Idul Adha merupakan peristiwa penting dan hari besar Islam yang penuh berkah dan kegembiraan. Oleh karena itu, pelaksanaan shalat ini dihadiri oleh semua orang Muslim, baik tua, muda, dewasa, anak-anak, laki-laki dan perempuan, bahkan perempuan yang sedang haid, juga diperintahkan oleh Nabi saw supaya hadir. Hanya saja mereka tidak ikut shalat dan tidak masuk ke dalam shaf shalat, namun ikut mendengarkan pesan-pesan Idul Adha yang disampaikan oleh khatib
1. Memperbanyak membaca tahlil, takbir, tahmid, mengerjakan amal shaleh, terutama pada tanggal 1 sampai 10 Dzulhijjah, bagi yang tidak sedang berhaji.
Kemuliaan bulan Dzulhijjah, khususnya pada sepuluh hari pertama telah diabadikan dalam al-Qur’an, Allah SWT berfirman:
[وَٱلۡفَجۡرِ (١) وَلَيَالٍ عَشۡرٍ۬ (٢) وَٱلشَّفۡعِ وَٱلۡوَتۡرِ (٣) وَٱلَّيۡلِ إِذَا يَسۡرِ (٤
Demi fajar, dan malam yang sepuluh, dan yang genap dan yang ganjil, dan malam bila berlalu (QS. Al-Fajr (89): 1-4)
Para ulama tafsir seperti, Ibnu Abbas ra, menafsirkan maksud malam yang sepuluh adalah sepuluh hari pertama bulan Dzulhijjah. Tidaklah Allah SWT bersumpah dengan sesuatu, kecuali pada saat yang sama memberikan isyarat tentang keagungan sesuatu tersebut. Maka, keagungan sepuluh hari awal dzulhijjah pun semakin dapat dirasakan.
Diriwayatkan dari Ibnu Umar, dari Nabi saw. Beliau bersabda, ”Tiada hari-hari dimana amal shalih paling utama di sisi Allah dan paling dicintai-Nya melebihi sepuluh hari pertama Dzulhijjah. Perbanyaklah pada hari itu dengan Tahlil, Takbir dan Tahmid.” (HR. Ahmad)
Ibnu Umar dan Abu Hurairah pada hari sepuluh pertama Dzulhijjah pergi ke pasar bertakbir dan manusia mengikuti takbir keduanya. (HR. Al-Bukhari)
Keutamaan dzikrullah pada sepuluh hari awal Dzulhijjah ini bisa dibagi menjadi tiga bagian :
a.

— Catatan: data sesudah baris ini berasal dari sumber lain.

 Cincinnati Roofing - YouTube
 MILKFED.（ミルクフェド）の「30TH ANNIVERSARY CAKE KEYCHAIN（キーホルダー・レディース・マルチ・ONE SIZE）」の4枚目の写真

Dzikr Mutlaq: yaitu berdzikir secara umum dan mutlak tanpa terikat waktu khusus, sebagaimana disebutkan dalam al-Quran dalam surat al-Ahzab (33): 35.
إِنَّ ٱلۡمُسۡلِمِينَ وَٱلۡمُسۡلِمَـٰتِ وَٱلۡمُؤۡمِنِينَ وَٱلۡمُؤۡمِنَـٰتِ وَٱلۡقَـٰنِتِينَ وَٱلۡقَـٰنِتَـٰتِ وَٱلصَّـٰدِقِينَ وَٱلصَّـٰدِقَـٰتِ وَٱلصَّـٰبِرِينَ وَٱلصَّـٰبِرَٲتِ وَٱلۡخَـٰشِعِينَ وَٱلۡخَـٰشِعَـٰتِ وَٱلۡمُتَصَدِّقِينَ وَٱلۡمُتَصَدِّقَـٰتِ وَٱلصَّـٰٓٮِٕمِينَ وَٱلصَّـٰٓٮِٕمَـٰتِ وَٱلۡحَـٰفِظِينَ فُرُوجَهُمۡ وَٱلۡحَـٰفِظَـٰتِ وَٱلذَّٲڪِرِينَ ٱللَّهَ كَثِيرً۬ا وَٱلذَّٲڪِرَٲتِ أَعَدَّ ٱللَّهُ لَهُم مَّغۡفِرَةً۬ وَأَجۡرًا عَظِيمً۬ا -٣٥
Sesungguhnya laki-laki dan perempuan yang muslim, laki-laki dan perempuan yang mukmin, laki-laki dan perempuan yang tetap dalam ketaatannya, laki-laki dan perempuan yang benar, laki-laki dan perempuan yang sabar, laki-laki dan perempuan yang khusyuk, laki-laki dan perempuan yang bersedekah, laki-laki dan perempuan yang berpuasa, laki-laki dan perempuan yang memelihara kehormatannya, laki-laki dan perempuan yang banyak menyebut (nama) Allah, Allah telah menyediakan untuk mereka ampunan dan pahala yang besar. (Qs. al-Ahzab: 35)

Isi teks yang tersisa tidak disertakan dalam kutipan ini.